EXERCISE BRIEF: Once you reach the line containing "Motorcycle exhaust muffler" in the data below, restate each line word for word up to and including the one containing "USS Kula Gulf".

___ SUPPLIED DATA ___

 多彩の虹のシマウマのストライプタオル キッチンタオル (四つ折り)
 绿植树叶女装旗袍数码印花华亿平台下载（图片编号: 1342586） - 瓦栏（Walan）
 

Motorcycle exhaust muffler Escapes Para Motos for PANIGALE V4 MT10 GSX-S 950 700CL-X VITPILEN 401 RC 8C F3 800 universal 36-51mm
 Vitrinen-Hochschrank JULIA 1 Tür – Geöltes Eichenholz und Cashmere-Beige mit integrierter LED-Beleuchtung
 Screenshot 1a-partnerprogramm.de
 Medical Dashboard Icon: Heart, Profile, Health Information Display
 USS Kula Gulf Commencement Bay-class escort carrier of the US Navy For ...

___
___ SUPPLIED DATA ___

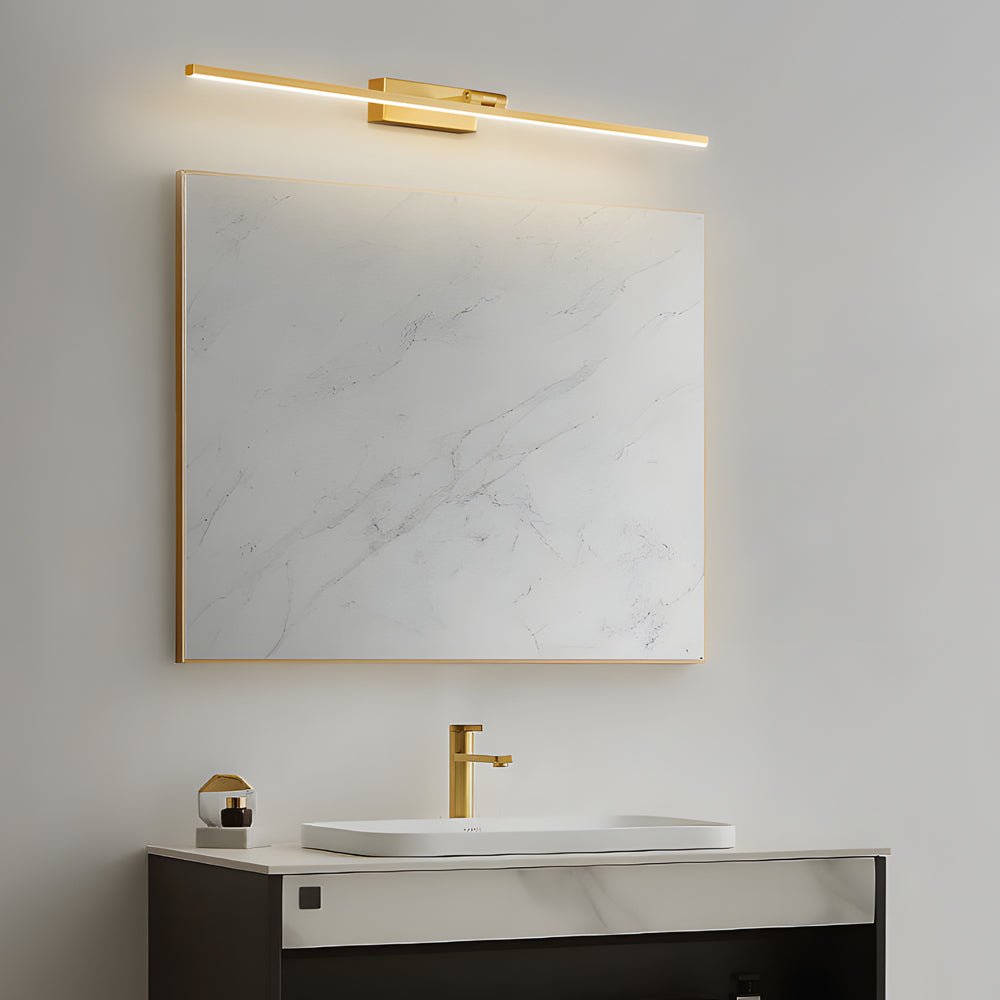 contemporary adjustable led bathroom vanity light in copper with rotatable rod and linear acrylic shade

___

EXPECTED OUTPUT:
Motorcycle exhaust muffler Escapes Para Motos for PANIGALE V4 MT10 GSX-S 950 700CL-X VITPILEN 401 RC 8C F3 800 universal 36-51mm
 Vitrinen-Hochschrank JULIA 1 Tür – Geöltes Eichenholz und Cashmere-Beige mit integrierter LED-Beleuchtung
 Screenshot 1a-partnerprogramm.de
 Medical Dashboard Icon: Heart, Profile, Health Information Display
 USS Kula Gulf Commencement Bay-class escort carrier of the US Navy For ...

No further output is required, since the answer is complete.